For many companies and their employees, the 401(k) plan has become the go-to plan retirement plan positioned as an important employee benefit. The 401(k) is considered a defined contribution plan, meaning that promises are made by the employer to contribute on behalf of the employees, either as a non-elective percentage of compensation or more commonly a matching contribution based on the amount the employee defers out of their salary and into the plan.
Defined contribution plans like 401(k)s differ from the older defined benefit pension plans which made promises of lifetime monthly retirement payments. While defined benefit pension plans still exist at some firms, their use today is mostly with federal and state governments for employees of those agencies.
We have three learning objectives for this post:
- To understand the different ways employers can make “matching contributions” to your plan
- Learn how employers’ dollars “vest” and become yours to keep even if you change jobs
- Be aware of the wealth building power of matching contributions
All 401(k) plans are governed by guidelines issued by the Employee Benefits Security Administration of the U.S. Department of Labor. Plans are subject to IRS scrutiny to make sure they are properly structured and that protections for the average worker are followed to prevent the more highly compensated employees and business owners from benefiting in an unfair way.
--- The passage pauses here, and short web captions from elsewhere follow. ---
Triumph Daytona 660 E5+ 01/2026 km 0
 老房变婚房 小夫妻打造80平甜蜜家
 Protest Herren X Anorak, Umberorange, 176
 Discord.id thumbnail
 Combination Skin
Employers are not forced to make matching contributions based on the employees’ salary deferrals into their participant accounts, but if the employer doesn’t meet certain requirements for these matching contributions the plan can be deemed to be “top-heavy” and in favor of the highly compensated employees. This can cause the plan to run afoul of the IRS and Department of Labor rules.
To avoid problems with the IRS, a plan can be structured as a safe harbor plan, which means certain minimum employer contributions must be met or exceeded. Most employers today meet the minimum guidelines by either:
- Making a 3% of compensation contribution for all employees, even if the employees do not defer any of their own compensation into the plan.
- Matching $1 for each employee dollar contributed up to the first 3% of compensation and $0.50 for each employee dollar contributed on the next 2% of compensation.
Many employers may exceed these minimum requirements as a commitment to helping their employees save and invest for their eventual retirement. The idea is that a strong employee benefits program, which includes a retirement plan, is a way to keep good employees on staff.
The next thing to understand about your contributions and your employers matching contributions is the vesting schedule. First, you can breathe easy about your own salary deferrals into the 401(k). Money you put into the plan is immediately 100% vested. It will remain invested in your participant account and grow through future contributions and investment growth until you retire and start to draw the money out or when you change jobs and roll over the 401(k) balance to another tax qualified account.
Keep in mind that money you defer into a traditional 401(k) will avoid being assessed for payroll tax and federal income tax liabilities. The money also grows over time with no income tax ramifications until you draw money out in retirement, which is then considered ordinary income for tax calculation purposes.
You employer may offer a Roth 401(k) option. If you use the Roth option for part or all of your plan contributions, you don’t receive any tax benefits at the time you make contributions, but you also won’t pay any tax when you withdraw funds in retirement.
Back to the vesting concept. Employer contributions are generally subject to a vesting requirement, which is based on how long you have been participating in the plan as an employee. The vesting schedule is established by your employer when the plan is set up. It can be a gradual schedule, where you are vested more each year over a period of 5 or 6 years, or the schedule may be set up as a “cliff”, where you aren’t vested at all for the first couple years, but become 100% vested after 3 years.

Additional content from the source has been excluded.